→ What you need to do
Starting at the line that contains "Non-Sparking Spanner Set", output each line exactly as written through the end of the listing below, but leave out the pictures.

START Exercise input

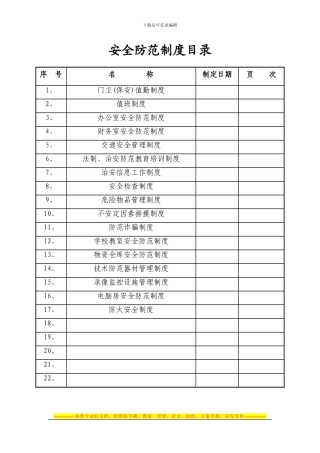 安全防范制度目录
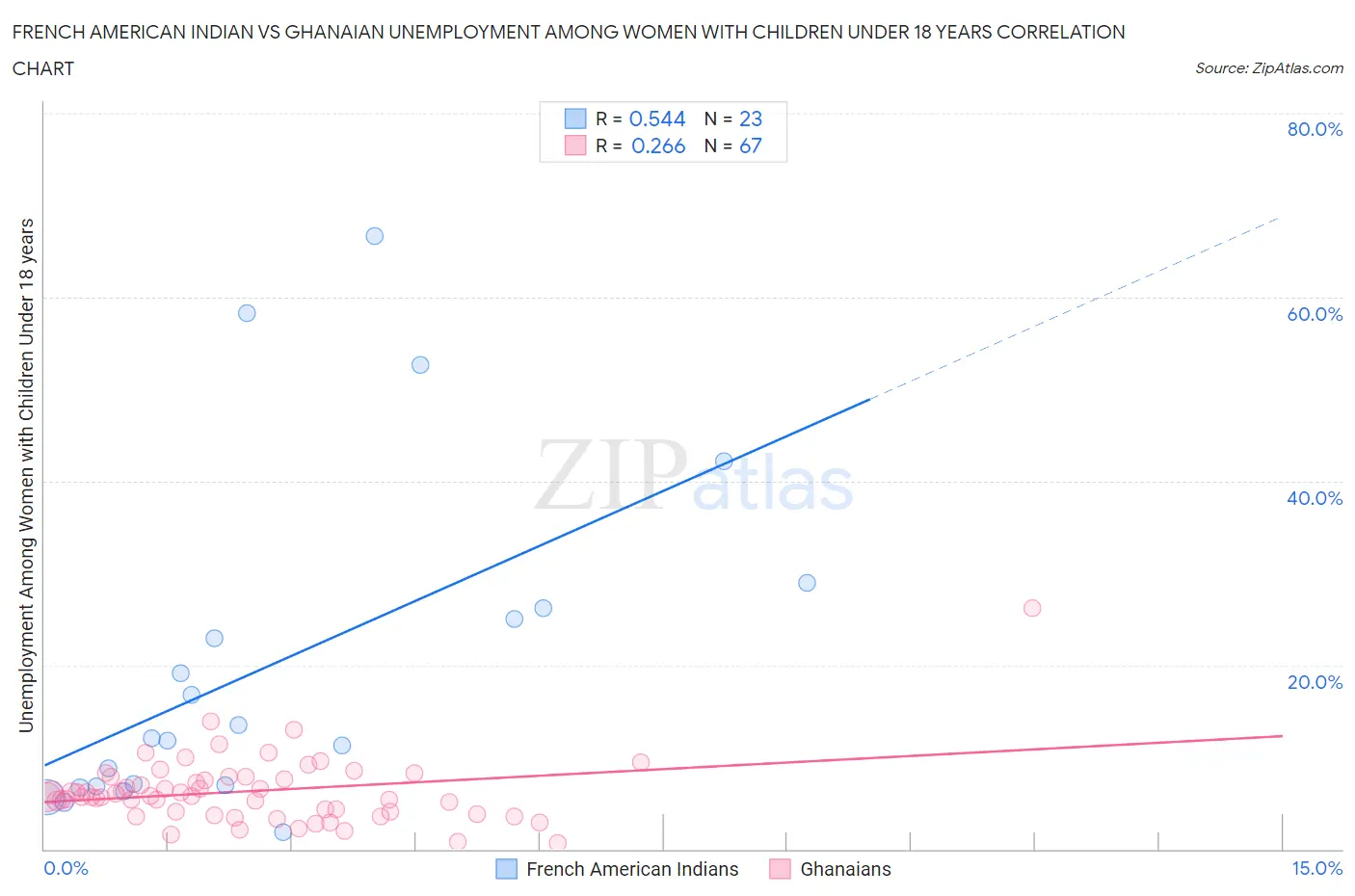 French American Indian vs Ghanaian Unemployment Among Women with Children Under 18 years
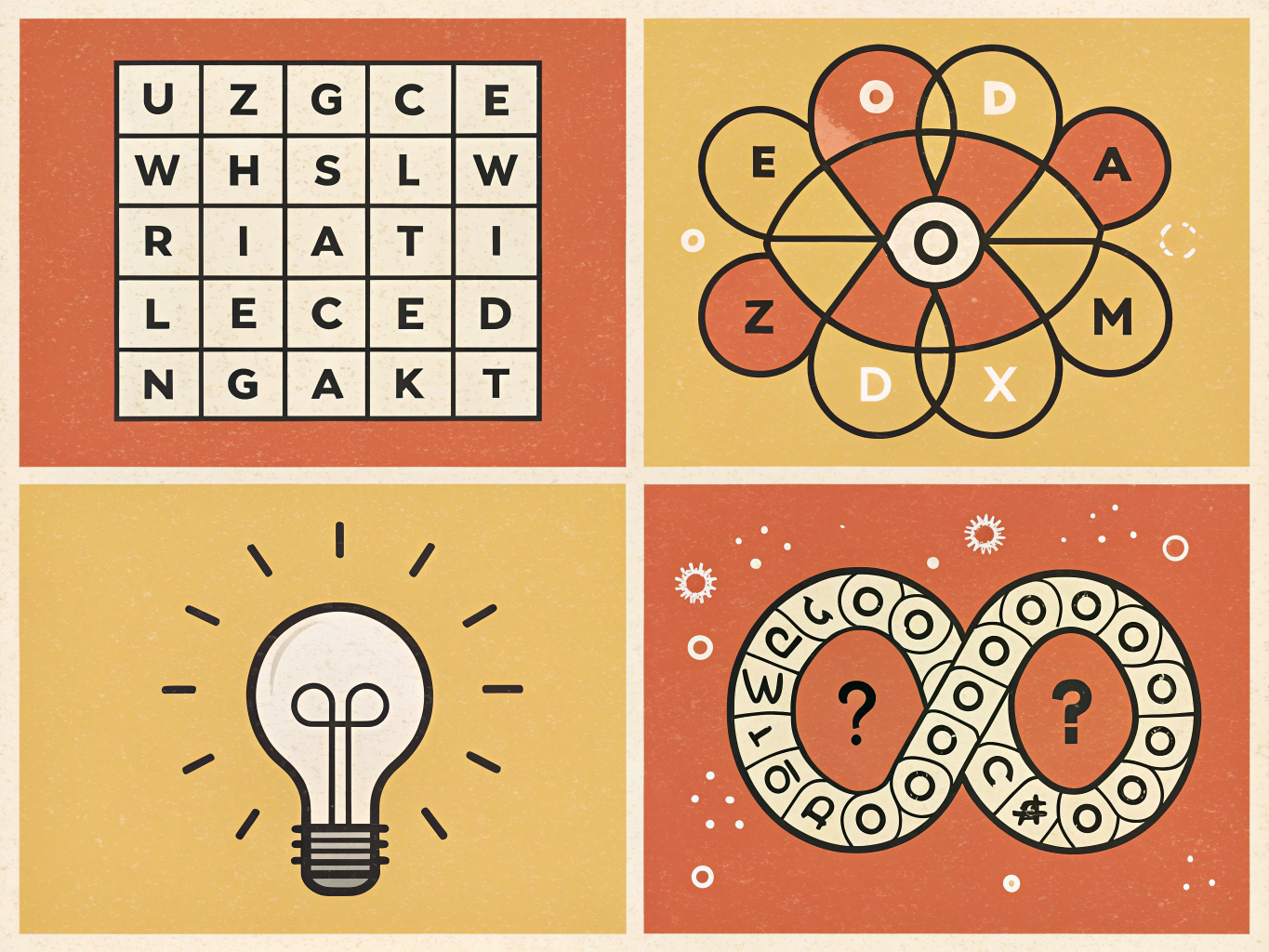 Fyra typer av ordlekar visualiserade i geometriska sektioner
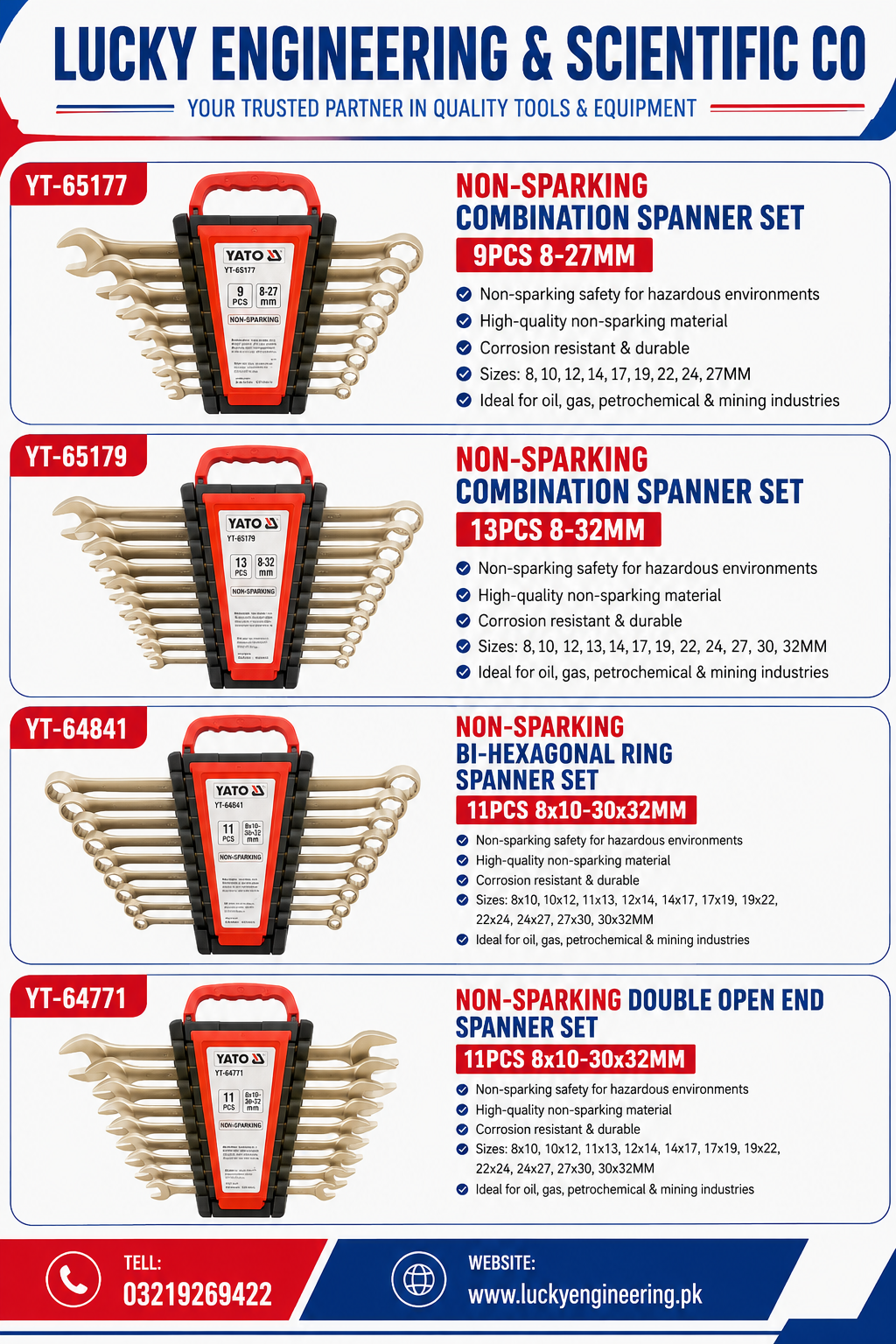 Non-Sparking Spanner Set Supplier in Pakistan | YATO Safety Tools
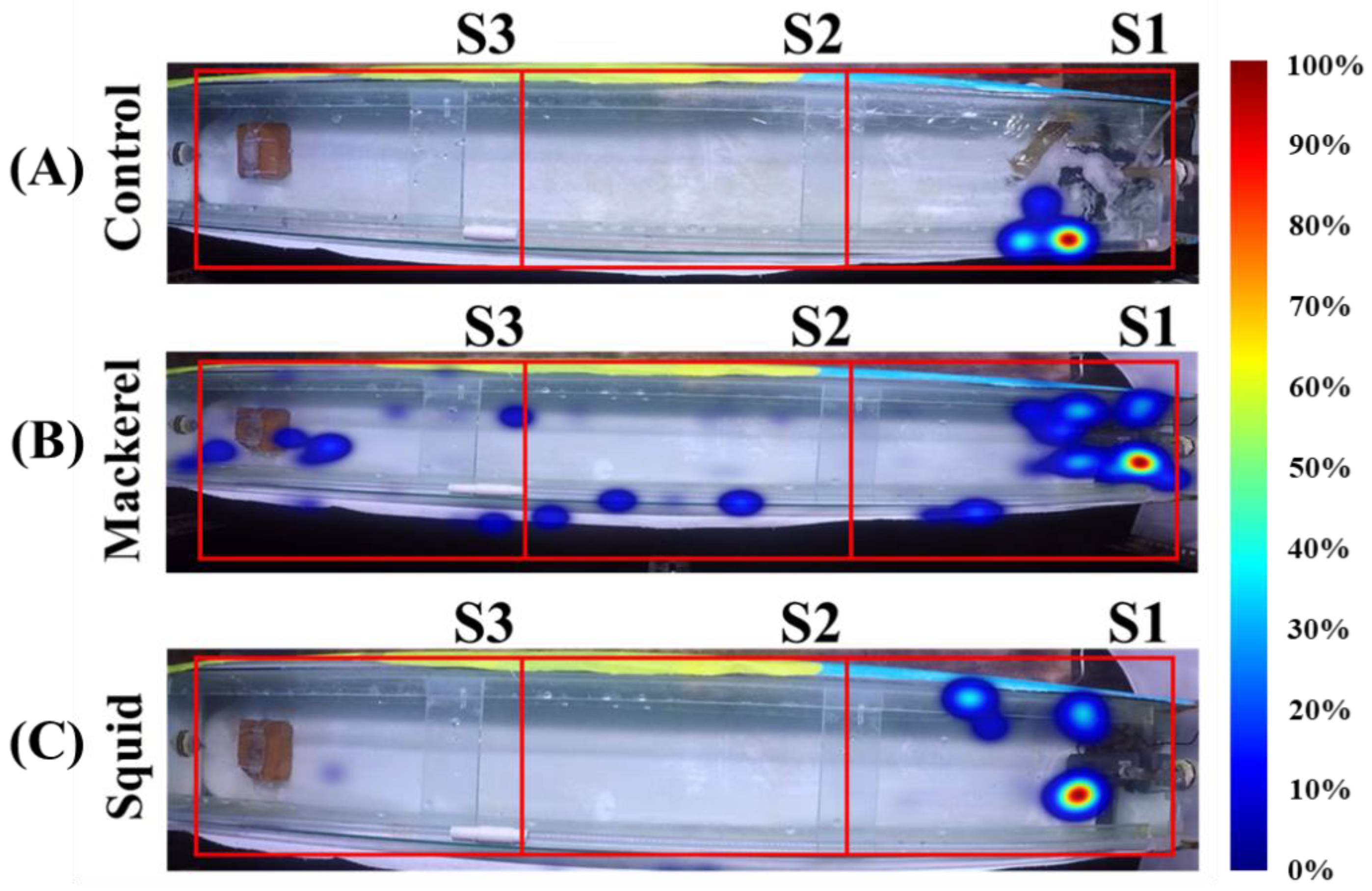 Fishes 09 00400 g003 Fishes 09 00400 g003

END Exercise input

→ Solution to this problem
 Non-Sparking Spanner Set Supplier in Pakistan | YATO Safety Tools
 Fishes 09 00400 g003 Fishes 09 00400 g003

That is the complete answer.